> Exercise requirements
Begin at the line that has "Patagonia Tekst effect", stop after the line that has "Quartas de Final", and print exactly those lines from the records below, without any pictures.

> Data supplied
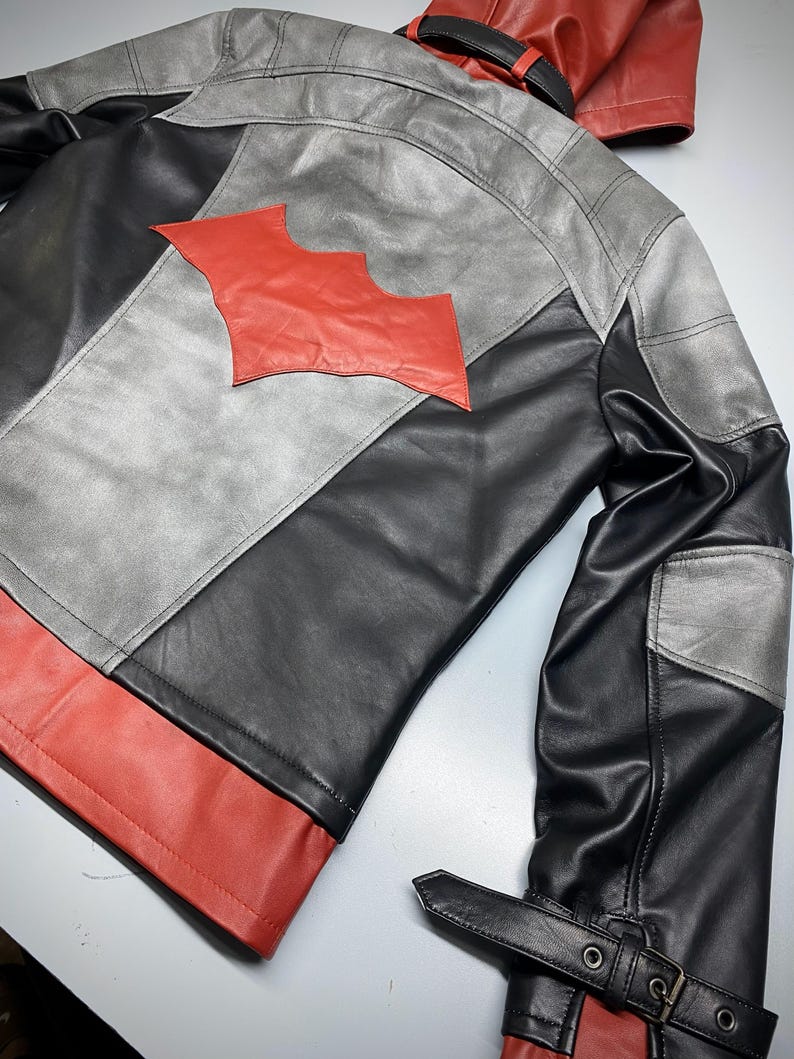 bat jacket, bat costume, bat outfit, bat suit, bat cosplay, jason todd cosplay, Arkham Knight Costume, Red Hood Jacket, Red Hood Costume, red hood vest, Red Hood cosplay, jason todd jacket, arkham knight jacket, gothic jacket, steampunk cosplay, gaming jacket, gaming cosplay, cosplay jacket, cosplay outerwear, comic con cosplay, DC Comics, Halloween Jacket, Halloween cosplay, superhero jacket, bat halloween costume, halloween bat costume, gift for him, gift for boyfriend, Christmas Cosplay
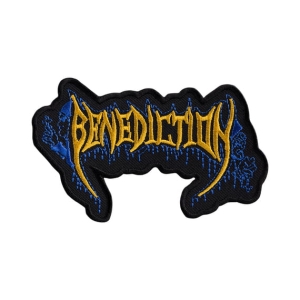 Naszywka termiczna BENEDICTION - Logo Yellow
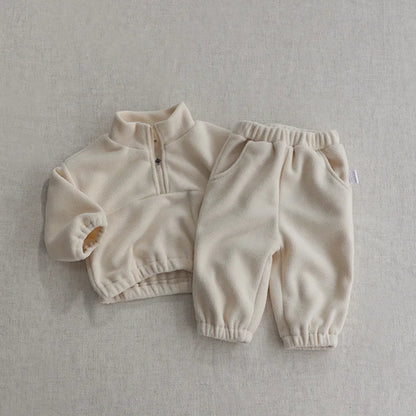 CosmiTots Autumn Fleece Baby Sports Suit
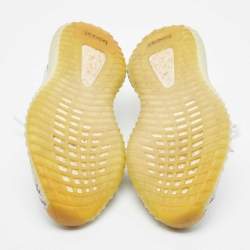 Pre Owned Yeezy x Adidas Grey/Blue Knit Fabric Boost 350 V2 Blue Tint Sneakers Size 42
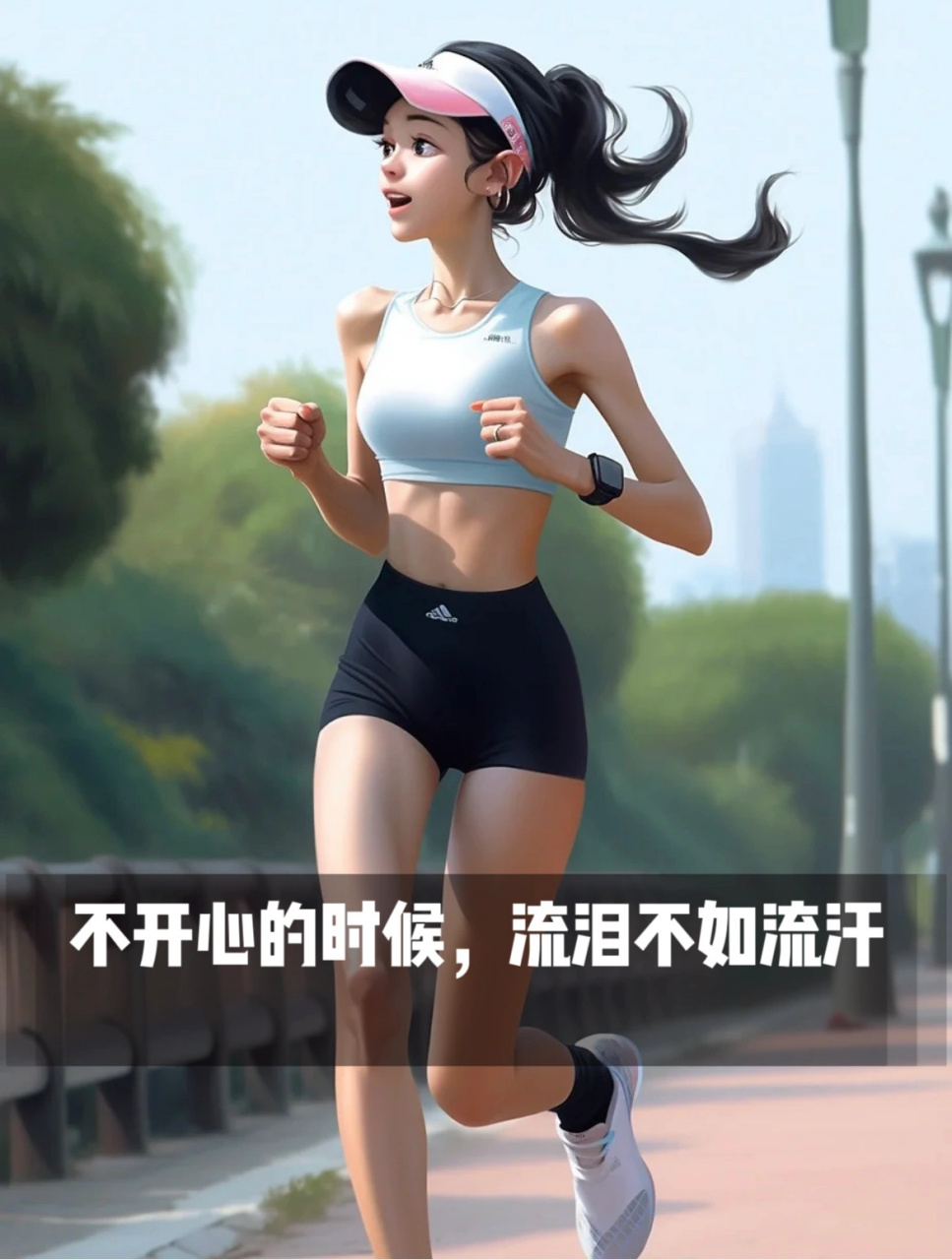 跑步! 朋友圈打卡文案  1,全力以赴,你会很酷.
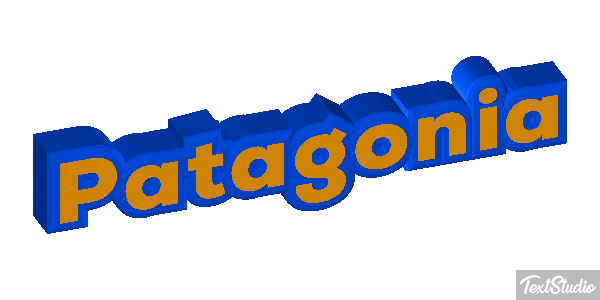 Patagonia Tekst effect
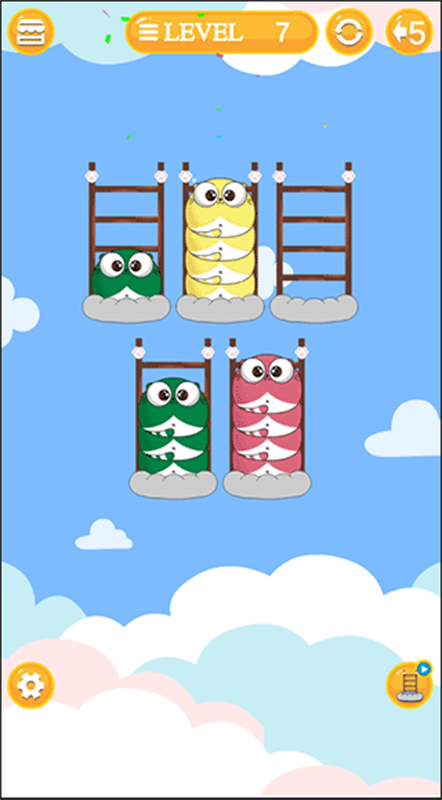 排序?qū)櫸锲磮D(Sort Pet Puzzle)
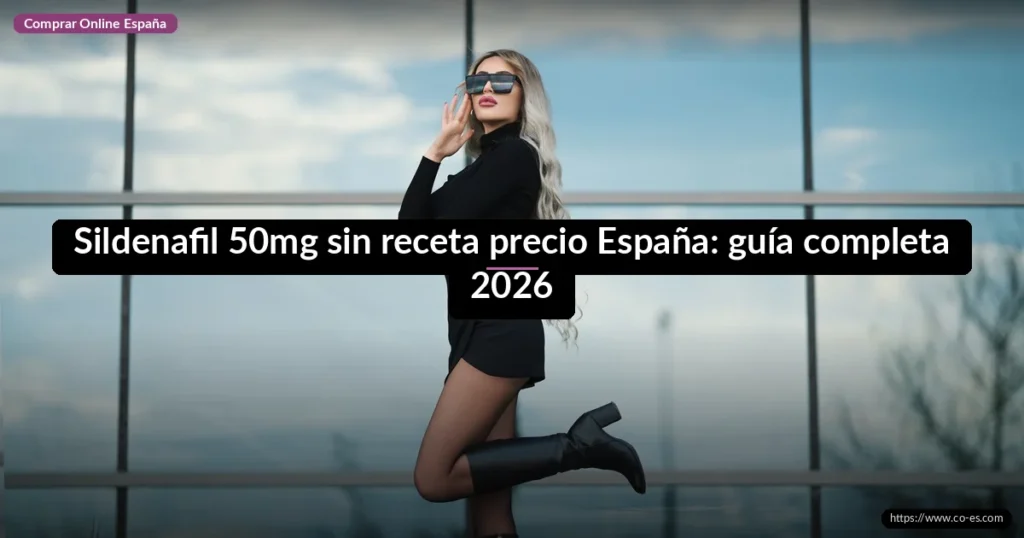 Sildenafil 50mg sin receta precio España: guía completa 2026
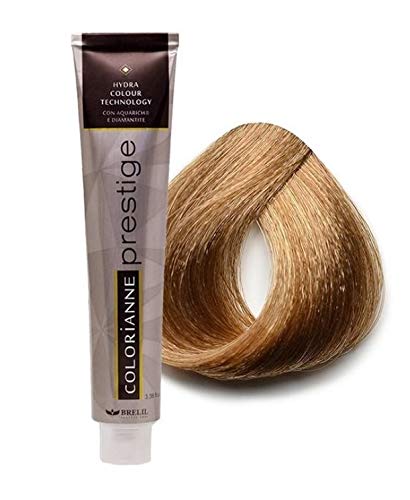 Brelil Colorianne Prestige Technologically Advanced Cream Dyeing Treatment Hydra Color Technology, Light Golden Blonde, 100 ml./3.38 fl.oz. (8/30)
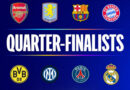 Quartas de Final da Liga dos Campeões começam com Arsenal x Real e Bayern x Inter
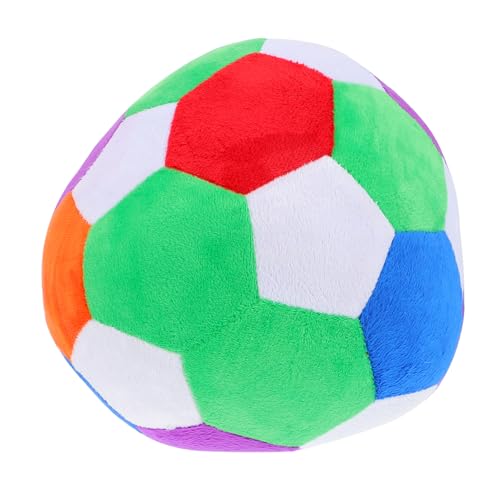 Yardwe 1Stück Plüsch Fußballspielzeug Kuscheliges Gestopftes Fußball Modell Für Kreative Wohnkultur Für Fußballfans Farbenfroh Yardwe 1Stück Plüsch Fußballspielzeug Kuscheliges Gestopftes Fußball Modell Für Kreative Wohnkultur Für Fußballfans Farbenfroh von Yardwe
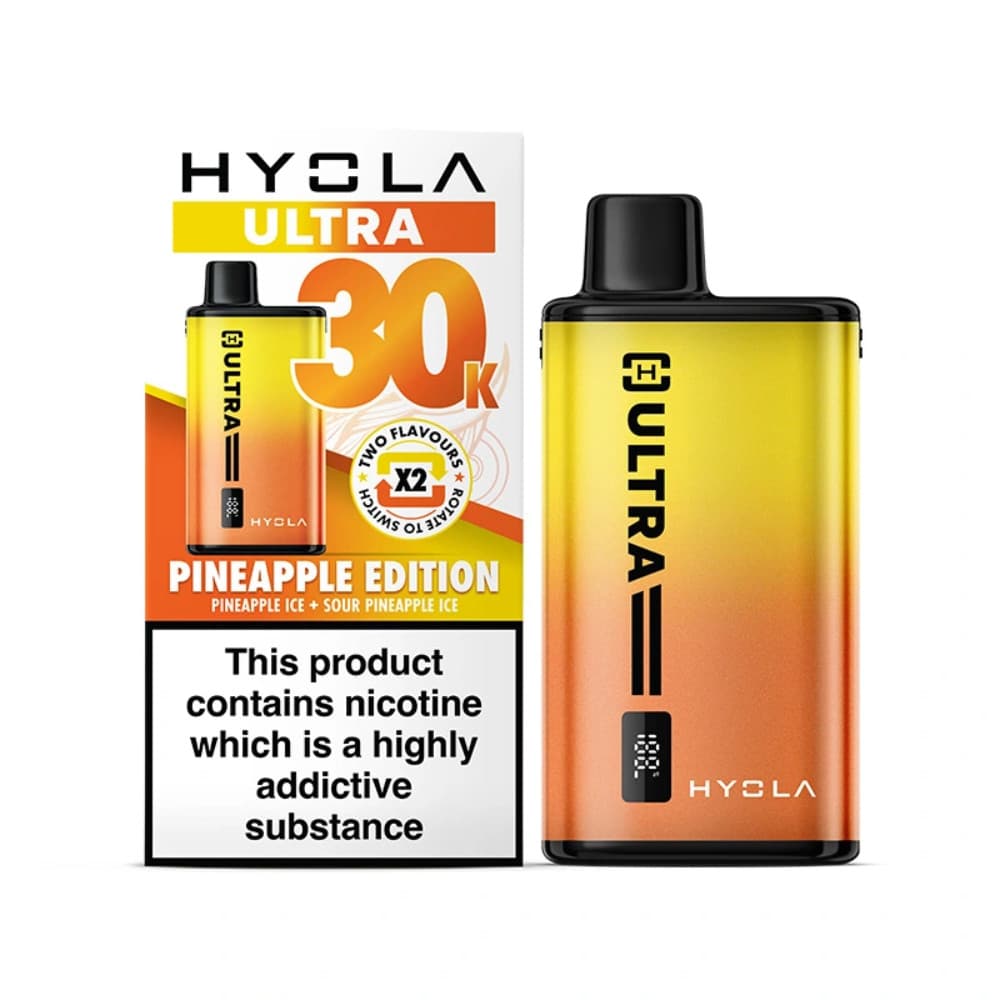  Pineapple Edition Hyola Ultra Plus 30k Vape Kit Box of 5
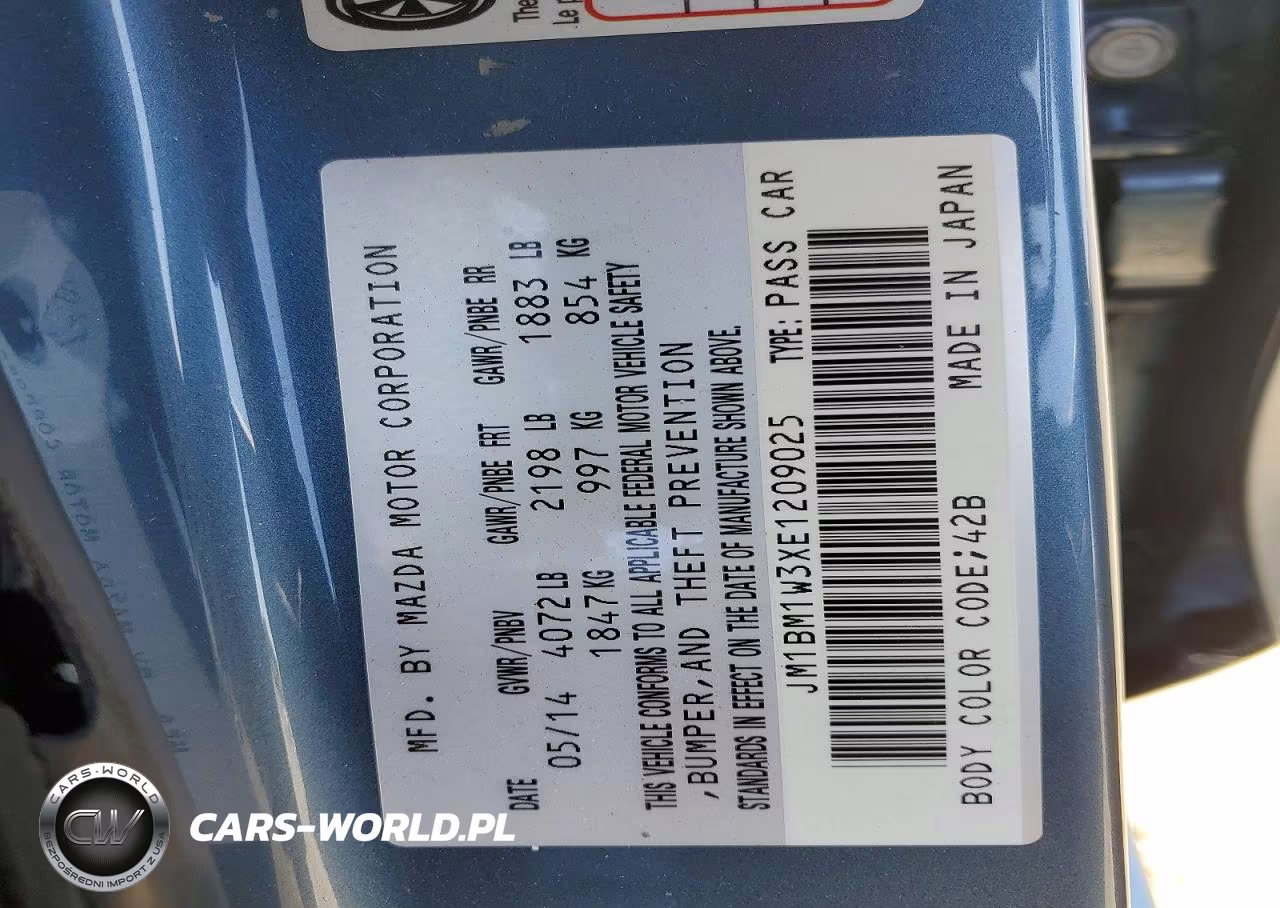 2014 Mazda 3 Grand Touring VIN:JM1BM1W3XE1209025 - 12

> Solution to the exercise
 Patagonia Tekst effect
 排序?qū)櫸锲磮D(Sort Pet Puzzle)
 Sildenafil 50mg sin receta precio España: guía completa 2026
 Brelil Colorianne Prestige Technologically Advanced Cream Dyeing Treatment Hydra Color Technology, Light Golden Blonde, 100 ml./3.38 fl.oz. (8/30)
 Quartas de Final da Liga dos Campeões começam com Arsenal x Real e Bayern x Inter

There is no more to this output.